* **Crawled caption data**:
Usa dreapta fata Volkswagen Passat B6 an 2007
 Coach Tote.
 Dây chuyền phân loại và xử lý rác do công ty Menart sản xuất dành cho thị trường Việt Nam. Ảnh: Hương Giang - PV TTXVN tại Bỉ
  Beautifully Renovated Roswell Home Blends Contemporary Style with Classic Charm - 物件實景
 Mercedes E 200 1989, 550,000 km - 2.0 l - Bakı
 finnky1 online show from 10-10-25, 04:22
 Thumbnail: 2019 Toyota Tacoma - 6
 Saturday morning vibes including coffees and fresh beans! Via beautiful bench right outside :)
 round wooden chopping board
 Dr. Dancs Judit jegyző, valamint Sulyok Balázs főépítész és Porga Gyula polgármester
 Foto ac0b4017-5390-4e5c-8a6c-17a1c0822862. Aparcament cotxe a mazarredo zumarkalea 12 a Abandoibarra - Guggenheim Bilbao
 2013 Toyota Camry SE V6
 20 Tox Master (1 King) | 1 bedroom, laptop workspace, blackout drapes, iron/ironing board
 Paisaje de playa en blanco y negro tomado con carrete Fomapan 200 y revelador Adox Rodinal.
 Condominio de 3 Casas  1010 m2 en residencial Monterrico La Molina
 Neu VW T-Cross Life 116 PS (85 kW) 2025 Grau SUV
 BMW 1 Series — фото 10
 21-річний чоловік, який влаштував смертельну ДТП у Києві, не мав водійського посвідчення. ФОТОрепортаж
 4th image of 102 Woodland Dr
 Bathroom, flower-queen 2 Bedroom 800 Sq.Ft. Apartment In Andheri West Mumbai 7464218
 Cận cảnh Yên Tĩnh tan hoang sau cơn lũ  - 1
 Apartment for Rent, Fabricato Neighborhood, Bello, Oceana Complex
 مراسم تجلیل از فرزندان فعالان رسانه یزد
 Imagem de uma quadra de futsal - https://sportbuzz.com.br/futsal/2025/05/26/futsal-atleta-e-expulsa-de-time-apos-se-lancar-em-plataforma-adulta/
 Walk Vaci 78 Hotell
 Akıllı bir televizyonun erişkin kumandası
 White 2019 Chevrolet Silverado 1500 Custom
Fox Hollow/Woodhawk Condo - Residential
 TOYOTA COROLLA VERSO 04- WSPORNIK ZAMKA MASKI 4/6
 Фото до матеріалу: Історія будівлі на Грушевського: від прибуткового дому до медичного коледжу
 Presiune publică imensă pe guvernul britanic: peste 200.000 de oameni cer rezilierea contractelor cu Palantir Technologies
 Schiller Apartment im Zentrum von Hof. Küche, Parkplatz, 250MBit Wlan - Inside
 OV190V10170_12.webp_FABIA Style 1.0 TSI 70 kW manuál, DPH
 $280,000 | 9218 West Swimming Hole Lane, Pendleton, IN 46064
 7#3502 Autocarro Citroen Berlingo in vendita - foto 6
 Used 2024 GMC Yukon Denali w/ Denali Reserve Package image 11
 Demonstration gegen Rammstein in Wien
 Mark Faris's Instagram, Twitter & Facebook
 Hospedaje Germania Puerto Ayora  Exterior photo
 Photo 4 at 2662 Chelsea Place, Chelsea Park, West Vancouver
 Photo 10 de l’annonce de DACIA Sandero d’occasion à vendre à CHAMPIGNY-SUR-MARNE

* **How to complete this task**:
Copy range, inclusive: the line holding "finnky1 online show from 10-10-25, 04:22" to the line holding "20 Tox Master". Reproduce exactly those lines of the records above and no others.

* **Answer to the problem**:
 finnky1 online show from 10-10-25, 04:22
 Thumbnail: 2019 Toyota Tacoma - 6
 Saturday morning vibes including coffees and fresh beans! Via beautiful bench right outside :)
 round wooden chopping board
 Dr. Dancs Judit jegyző, valamint Sulyok Balázs főépítész és Porga Gyula polgármester
 Foto ac0b4017-5390-4e5c-8a6c-17a1c0822862. Aparcament cotxe a mazarredo zumarkalea 12 a Abandoibarra - Guggenheim Bilbao
 2013 Toyota Camry SE V6
 20 Tox Master (1 King) | 1 bedroom, laptop workspace, blackout drapes, iron/ironing board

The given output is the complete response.